As the end of January approaches, so too does the date when the UK’s new free future will begin. It is clear that 2020 will produce a totally different political landscape than that which existed for the past three years.
At Westminster we have a Prime Minister with a majority to do what he wants and a House of Commons free from the poisonous influence of the most divisive and partisan speaker ever to preside over proceedings. In Northern Ireland we have, hopefully, a restored Assembly which will get down to work and bring political normality to N.I. which will be good for the status quo and the union.

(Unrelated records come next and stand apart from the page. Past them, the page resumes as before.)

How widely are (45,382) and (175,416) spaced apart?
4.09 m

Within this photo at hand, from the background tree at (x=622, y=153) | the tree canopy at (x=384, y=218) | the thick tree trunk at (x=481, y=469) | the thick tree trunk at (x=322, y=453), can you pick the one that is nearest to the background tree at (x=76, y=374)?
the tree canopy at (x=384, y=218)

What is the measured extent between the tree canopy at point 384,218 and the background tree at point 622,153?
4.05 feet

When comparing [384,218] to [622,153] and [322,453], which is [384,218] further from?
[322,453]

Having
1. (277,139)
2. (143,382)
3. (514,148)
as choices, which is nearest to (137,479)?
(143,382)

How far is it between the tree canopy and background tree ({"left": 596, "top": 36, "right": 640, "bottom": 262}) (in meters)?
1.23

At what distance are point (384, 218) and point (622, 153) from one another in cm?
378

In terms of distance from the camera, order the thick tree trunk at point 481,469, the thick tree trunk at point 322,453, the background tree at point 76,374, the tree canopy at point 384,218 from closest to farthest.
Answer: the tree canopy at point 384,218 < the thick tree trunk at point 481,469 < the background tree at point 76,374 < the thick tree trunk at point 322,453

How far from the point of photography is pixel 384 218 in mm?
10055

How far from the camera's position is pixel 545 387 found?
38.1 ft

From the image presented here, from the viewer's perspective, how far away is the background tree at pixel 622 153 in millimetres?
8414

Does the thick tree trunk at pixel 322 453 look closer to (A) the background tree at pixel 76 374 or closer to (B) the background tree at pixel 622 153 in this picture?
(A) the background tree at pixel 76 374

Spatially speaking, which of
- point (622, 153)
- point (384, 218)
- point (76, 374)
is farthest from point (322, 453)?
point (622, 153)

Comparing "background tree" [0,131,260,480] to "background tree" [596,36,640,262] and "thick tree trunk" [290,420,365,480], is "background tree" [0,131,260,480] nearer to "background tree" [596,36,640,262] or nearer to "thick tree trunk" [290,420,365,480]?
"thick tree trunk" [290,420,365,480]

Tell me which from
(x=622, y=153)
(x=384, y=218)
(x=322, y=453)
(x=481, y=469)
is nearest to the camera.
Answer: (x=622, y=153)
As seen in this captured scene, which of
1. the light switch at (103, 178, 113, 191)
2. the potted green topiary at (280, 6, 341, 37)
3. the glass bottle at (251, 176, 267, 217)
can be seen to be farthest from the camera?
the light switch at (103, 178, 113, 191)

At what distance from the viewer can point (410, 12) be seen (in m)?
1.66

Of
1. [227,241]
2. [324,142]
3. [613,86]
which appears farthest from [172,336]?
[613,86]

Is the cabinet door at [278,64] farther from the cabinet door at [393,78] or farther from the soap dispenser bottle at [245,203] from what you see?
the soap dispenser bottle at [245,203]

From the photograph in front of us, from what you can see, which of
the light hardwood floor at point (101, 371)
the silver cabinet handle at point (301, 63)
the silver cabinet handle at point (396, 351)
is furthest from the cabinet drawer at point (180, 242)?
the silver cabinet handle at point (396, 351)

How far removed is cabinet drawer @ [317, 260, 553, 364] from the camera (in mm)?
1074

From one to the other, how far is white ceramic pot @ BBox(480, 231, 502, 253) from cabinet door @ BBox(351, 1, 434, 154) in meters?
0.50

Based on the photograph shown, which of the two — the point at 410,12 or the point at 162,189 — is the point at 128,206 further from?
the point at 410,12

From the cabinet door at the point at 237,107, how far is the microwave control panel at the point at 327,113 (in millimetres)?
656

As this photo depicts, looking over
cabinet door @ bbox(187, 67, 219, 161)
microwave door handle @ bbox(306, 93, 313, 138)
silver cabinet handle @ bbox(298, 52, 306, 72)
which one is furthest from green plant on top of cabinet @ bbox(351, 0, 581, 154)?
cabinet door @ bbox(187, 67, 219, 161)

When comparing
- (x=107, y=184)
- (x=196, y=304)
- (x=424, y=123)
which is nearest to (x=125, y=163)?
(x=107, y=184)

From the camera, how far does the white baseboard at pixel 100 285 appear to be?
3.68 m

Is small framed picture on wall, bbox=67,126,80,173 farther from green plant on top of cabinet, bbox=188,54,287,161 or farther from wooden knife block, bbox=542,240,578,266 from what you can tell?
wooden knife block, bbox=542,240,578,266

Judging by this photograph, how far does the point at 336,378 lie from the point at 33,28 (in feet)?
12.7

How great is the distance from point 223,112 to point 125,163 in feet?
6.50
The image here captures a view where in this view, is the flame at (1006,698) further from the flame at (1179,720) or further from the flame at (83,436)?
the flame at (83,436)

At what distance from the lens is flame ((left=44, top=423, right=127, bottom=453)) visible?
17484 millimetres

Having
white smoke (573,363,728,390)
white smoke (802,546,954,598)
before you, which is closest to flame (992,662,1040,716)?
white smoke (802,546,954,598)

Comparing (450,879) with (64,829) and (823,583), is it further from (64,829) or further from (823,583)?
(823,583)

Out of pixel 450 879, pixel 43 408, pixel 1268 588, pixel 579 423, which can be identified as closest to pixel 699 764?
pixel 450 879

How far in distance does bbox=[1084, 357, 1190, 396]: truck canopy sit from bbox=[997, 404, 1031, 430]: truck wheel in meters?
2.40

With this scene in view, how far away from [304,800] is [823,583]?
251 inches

Unfortunately after the initial few days of relief that a deal, however flawed, had been reached, signs of stress have begun to emerge. They could bring the Assembly tumbling down. Sinn Fein are not really committed to the restoration of the Assembly. After all there is no political benefit for them in making the institutions work: their long term aim of taking Northern Ireland out of the UK is not advanced by supporting the constitutional status quo. The first signs of trouble which could put the Assembly in jeopardy emerged when Sinn Fein took on the role of Finance Minister. Immediately they started to complain that the government had reneged on promises about a huge fiscal windfall to accompany the devolution deal.
It is true that the government did promise some money to deal with the immediate financial problems facing the Executive – such as nurses pay and the longer-term structural reforms needed in the health service and education. However despite foolishly including in the deal a wish list of projects and spending commitments which were never deliverable even with the most generous of allocations of money (through the block grant from central government), none of the parties had sought assurances on the amount of money which would be allocated to the newly formed Executive. Now the Finance Minister is calling foul and demanding the funding package be increased, but at a time when any negotiating leverage has gone.

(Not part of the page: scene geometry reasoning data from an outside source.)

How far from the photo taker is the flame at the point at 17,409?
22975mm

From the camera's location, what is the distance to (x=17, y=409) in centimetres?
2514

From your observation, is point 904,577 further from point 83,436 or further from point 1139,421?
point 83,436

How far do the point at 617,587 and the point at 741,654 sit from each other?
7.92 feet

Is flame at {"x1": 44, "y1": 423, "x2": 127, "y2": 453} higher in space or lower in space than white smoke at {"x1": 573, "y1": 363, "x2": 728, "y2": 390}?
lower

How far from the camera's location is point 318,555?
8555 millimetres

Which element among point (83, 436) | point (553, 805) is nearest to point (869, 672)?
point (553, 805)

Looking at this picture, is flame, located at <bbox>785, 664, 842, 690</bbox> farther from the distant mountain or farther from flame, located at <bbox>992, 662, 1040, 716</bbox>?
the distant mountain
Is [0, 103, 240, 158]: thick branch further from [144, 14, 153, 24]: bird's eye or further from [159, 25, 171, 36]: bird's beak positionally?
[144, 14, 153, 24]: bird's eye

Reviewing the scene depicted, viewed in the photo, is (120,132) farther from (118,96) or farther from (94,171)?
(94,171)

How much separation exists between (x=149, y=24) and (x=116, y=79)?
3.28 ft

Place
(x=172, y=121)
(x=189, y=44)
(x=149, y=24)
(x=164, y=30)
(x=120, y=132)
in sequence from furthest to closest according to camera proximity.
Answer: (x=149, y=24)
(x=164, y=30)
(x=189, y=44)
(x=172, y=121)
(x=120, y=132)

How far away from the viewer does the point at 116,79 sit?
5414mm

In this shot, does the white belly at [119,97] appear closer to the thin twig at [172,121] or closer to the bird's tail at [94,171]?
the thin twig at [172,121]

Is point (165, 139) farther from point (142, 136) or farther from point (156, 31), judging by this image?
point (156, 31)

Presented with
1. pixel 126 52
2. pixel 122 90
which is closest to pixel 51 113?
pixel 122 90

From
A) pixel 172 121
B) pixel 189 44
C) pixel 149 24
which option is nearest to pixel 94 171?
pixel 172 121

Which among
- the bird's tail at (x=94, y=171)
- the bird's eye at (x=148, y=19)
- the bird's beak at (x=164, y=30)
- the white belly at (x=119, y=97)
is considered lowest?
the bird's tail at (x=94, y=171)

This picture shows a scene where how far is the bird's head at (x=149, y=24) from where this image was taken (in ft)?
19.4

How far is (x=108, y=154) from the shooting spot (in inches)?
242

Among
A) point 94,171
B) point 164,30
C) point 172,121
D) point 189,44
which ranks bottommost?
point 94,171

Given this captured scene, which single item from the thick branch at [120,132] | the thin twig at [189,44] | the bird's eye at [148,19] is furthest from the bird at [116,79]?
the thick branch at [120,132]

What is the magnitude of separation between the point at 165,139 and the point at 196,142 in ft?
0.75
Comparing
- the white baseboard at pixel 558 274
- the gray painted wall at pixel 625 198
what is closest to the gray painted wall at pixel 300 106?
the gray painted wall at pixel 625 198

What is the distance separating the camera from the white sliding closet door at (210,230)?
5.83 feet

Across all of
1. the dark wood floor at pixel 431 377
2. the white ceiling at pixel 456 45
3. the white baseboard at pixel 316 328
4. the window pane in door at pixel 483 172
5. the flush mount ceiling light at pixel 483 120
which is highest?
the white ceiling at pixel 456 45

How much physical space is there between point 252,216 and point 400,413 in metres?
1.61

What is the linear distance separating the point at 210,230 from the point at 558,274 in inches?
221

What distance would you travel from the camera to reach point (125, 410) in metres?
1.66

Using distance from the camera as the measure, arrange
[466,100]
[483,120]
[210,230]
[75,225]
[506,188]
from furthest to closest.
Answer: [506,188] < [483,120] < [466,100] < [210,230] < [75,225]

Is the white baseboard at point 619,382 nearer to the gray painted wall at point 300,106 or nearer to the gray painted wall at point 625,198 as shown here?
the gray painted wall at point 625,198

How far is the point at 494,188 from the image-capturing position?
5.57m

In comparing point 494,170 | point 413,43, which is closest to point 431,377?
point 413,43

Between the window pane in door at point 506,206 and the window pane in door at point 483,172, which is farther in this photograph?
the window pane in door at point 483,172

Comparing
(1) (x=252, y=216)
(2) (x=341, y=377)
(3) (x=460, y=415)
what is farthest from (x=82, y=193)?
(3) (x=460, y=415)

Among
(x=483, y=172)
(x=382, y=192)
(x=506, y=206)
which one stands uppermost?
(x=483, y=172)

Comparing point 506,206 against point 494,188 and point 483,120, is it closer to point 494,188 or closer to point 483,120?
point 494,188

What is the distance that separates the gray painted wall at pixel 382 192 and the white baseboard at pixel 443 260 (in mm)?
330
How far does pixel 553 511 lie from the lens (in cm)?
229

The one road open to him is to refuse to strike a budget unless more money is given. This would not be the first time that a Sinn Fein minister would have tried such a tactic. Indeed the NI executive would have collapsed for this reason in 2016 had Sinn Fein not found an alternative excuse of the mishandling of the Renewable Heat Initiative. Refusal to bring forward a budget would mean that the Executive could not function and would collapse. Will Sinn Fein go that far while facing an election in the Irish Republic where they hope to obtain enough seats to get into government -who knows. The alternative is for the Sinn Fein Finance Minister to bring in a tough budget and be accused of the Trotskyites both in his own party and the Corbynite People before Profit party, (which is eating into the Sinn Fein vote), of bringing in a ‘Tory Budget’. Of course the Secretary of State could find some extra money which might allow the Finance Minister to claim that he has successfully reduced the economic pain. The political reality however is that at a time when the SNP is ready to seize upon every action they find by the government to justify their perpetual demand for another independence referendum, the government will be cautious about any further economic package to the NI Assembly. February could be a month of high drama in Belfast.
Once again the Prime Minister assured the House of Commons that he is a unionist and will have no border between NI and GB down the Irish Sea. His unionist credentials were given a boost with his decision to help Flybe stay solvent a huge decision for the economies of places like Northern Ireland. Despite the hysteria from the Green Lobby who want to see airplanes metaphorically shot out of the sky, the unionist one nation instincts of the Prime Minister resulted in a good decision for vital regional connectivity. Let’s hope he shows the same willingness to take on the EU in negotiations about our future relationship and the NI aspect of it as he has with the madhouse economic policies of the Greens on Air Passenger Duty (APD).